Armenia - President Serzh Sarkisian (L) and his predecessor Robert Kocharian visit Gyumri, 7 December 2008.

Former President Serzh Sarkisian will also be questioned in connection with the 2008 post-election violence in Yerevan, the head of Armenia’s Special Investigative Service (SIS) said on Thursday.

“I have repeatedly said that everyone who had to do with this case will be interrogated without any exceptions,” Sasun Khachatrian told reporters. “Serzh Sarkisian will also be interrogated.”

Khachatrian did not say when the former president, who governed Armenia from 2008-2018, will be summoned for questioning.

Sarkisian was the official winner of the February 2008 presidential election which sparked non-stop protests in Yerevan led by Levon Ter-Petrosian, the main opposition candidate. Security broke up those protests on March 1-2, 2008. Eight protesters and two police servicemen were killed as a result.

The crackdown was ordered by then outgoing President Robert Kocharian. The latter handed over power to Sarkisian, his longtime political ally, in April 2008.

Last month the SIS charged Kocharian, former Defense Minister Mikael Harutiunian and former Deputy Defense Minister Yuri Khachaturov with “overthrowing the constitutional order” in the wake of the disputed ballot. The law-enforcement agency says that they illegally used the armed forces against protesters.

Kocharian denied the charges as politically motivated before being arrested on July 27. Armenia’s Court of Appeals released him from custody on Monday, saying that that the constitution gives him immunity from prosecution.

Khachaturian again condemned the ruling as “illegal” and expressed hope that state prosecutors will ask the higher Court of Cassation to overturn it. He accused Aleksandr Azarian, a Court of Appeals judge who ordered Kocharian’s release, of bias. Khachatrian argued, in particular, that Azarian had convicted nine members and supporters of the Ter-Petrosian-led opposition of participating in “mass disorders.”

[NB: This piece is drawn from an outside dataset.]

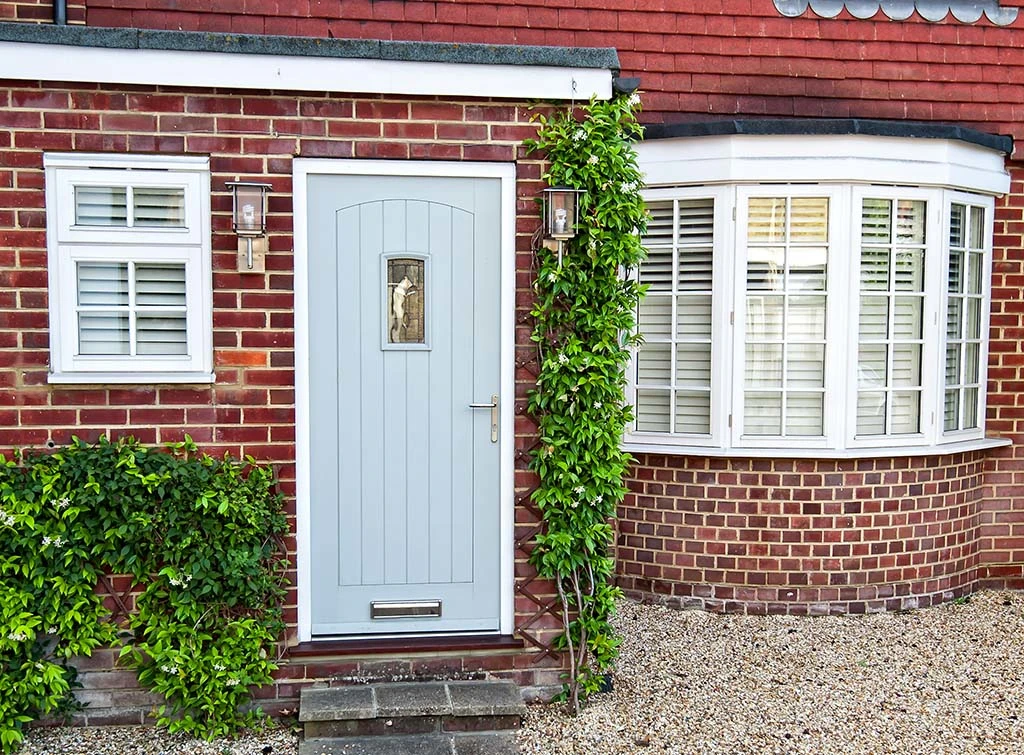 Powder blue front door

“Ten years ago Mr. Azarian handed down about a dozen guilty verdicts in which he described peaceful demonstrators as participants of mass disturbances who burned down and smashed things,” said the SIS chief.

Those verdicts were based on criminal cases opened by Armenian law-enforcement authorities. Prime Minister Nikol Pashinian, who played a key role in the 2008 protests, spent nearly two years in prison on similar charges. Pashinian appointed Khachatrian as head of the SIS and ordered a fresh probe of the unrest shortly after coming to power in May in a wave of mass protests that brought down Sarkisian’s government.